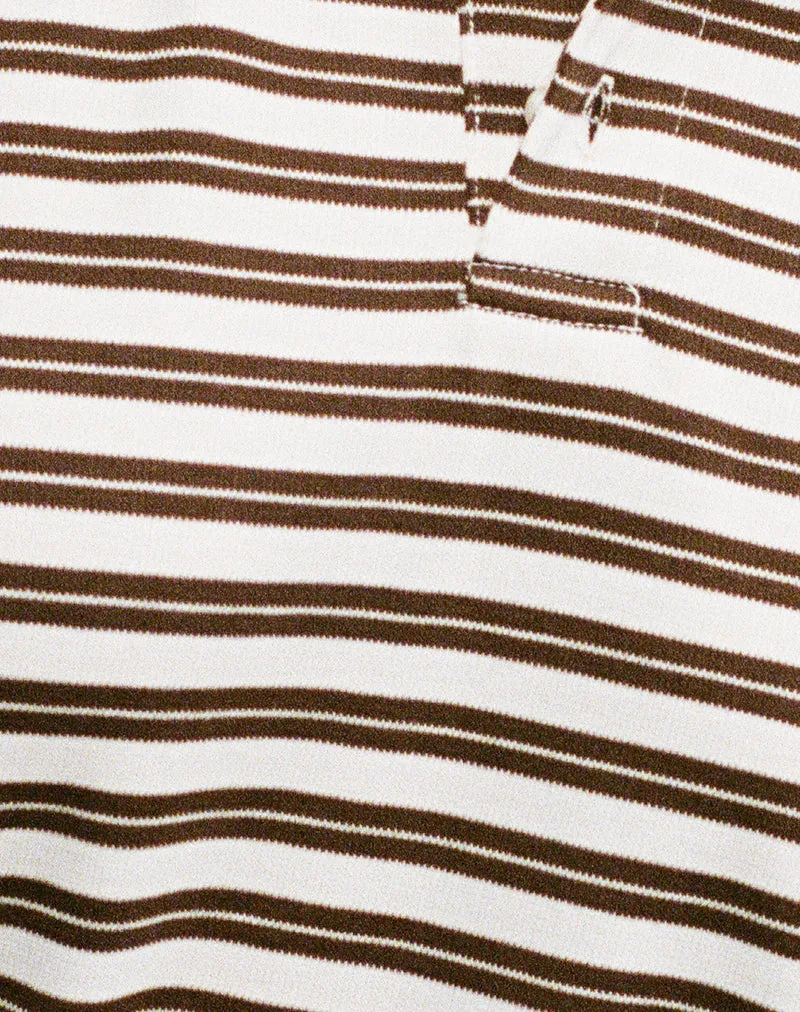 Kemillau Baggy Shirt in Brown with White Stripes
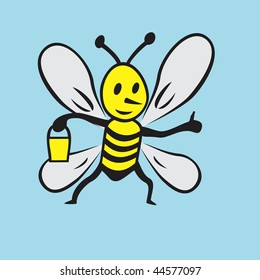 Figure bee with bucket of good honey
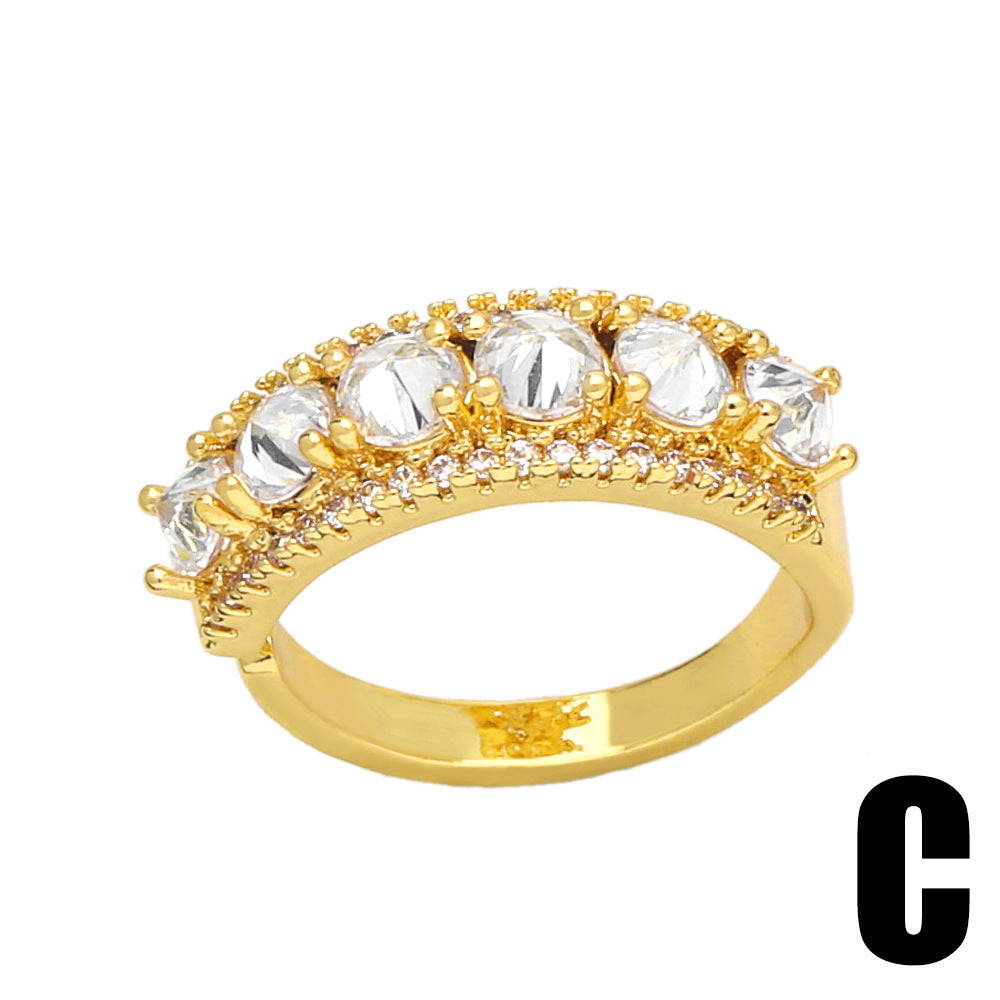 Anillo de flores de circón de circón de nuevo color de cobre de cobre al por mayor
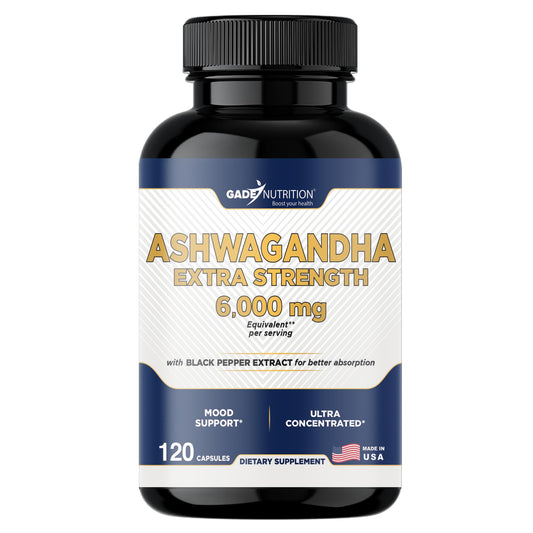 Gade Nutrition Ashwagandha bottle with 120 vegan capsules – USA Made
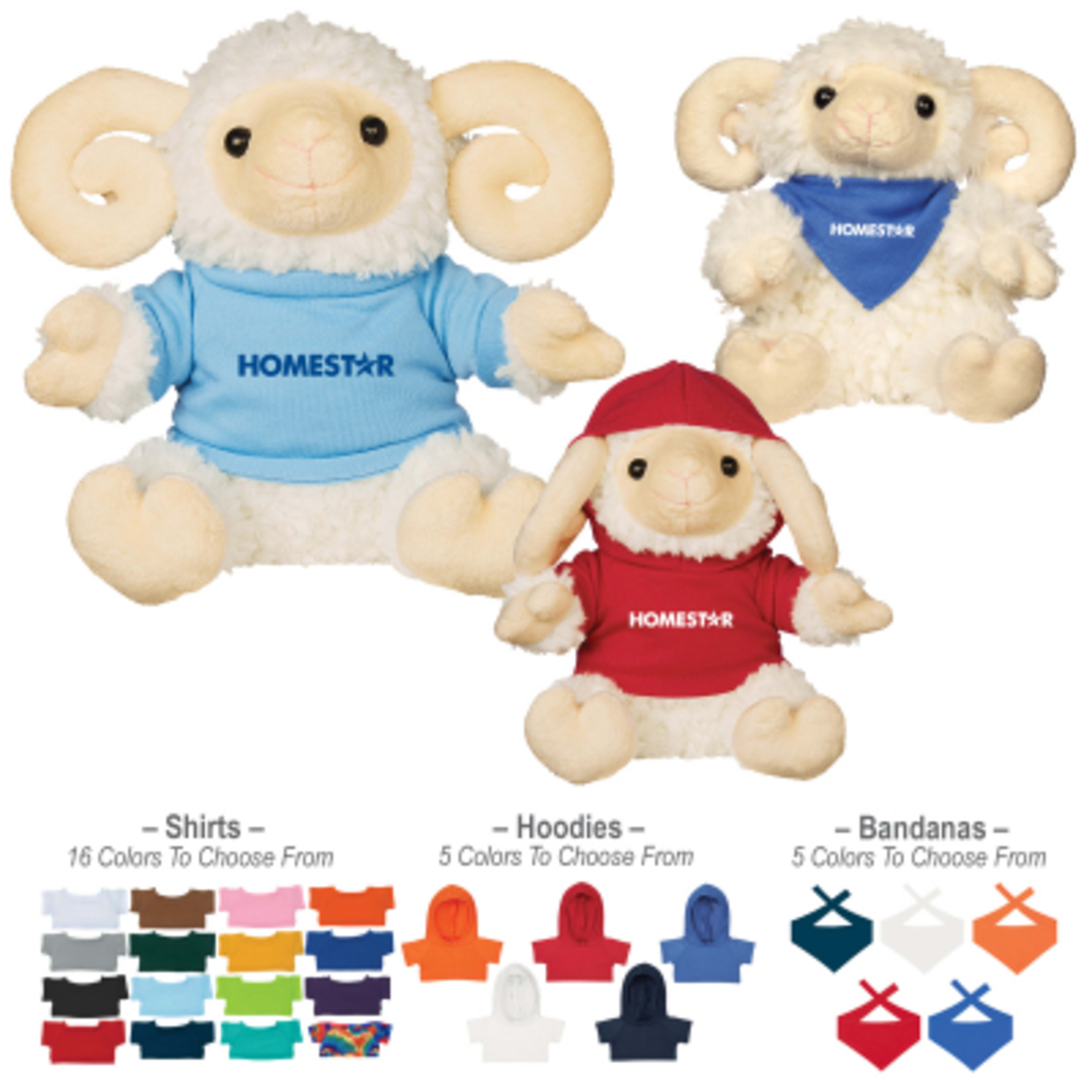 Plush Ram Customizable with Shirt - 6 in - Group Shot - product view 1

______________________________

> PROBLEM REQUIREMENTS
Output all data exactly, omitting images.

> REPLY TO THE EXERCISE
 Kemillau Baggy Shirt in Brown with White Stripes
 Figure bee with bucket of good honey
 Anillo de flores de circón de circón de nuevo color de cobre de cobre al por mayor
 Gade Nutrition Ashwagandha bottle with 120 vegan capsules – USA Made
 Plush Ram Customizable with Shirt - 6 in - Group Shot - product view 1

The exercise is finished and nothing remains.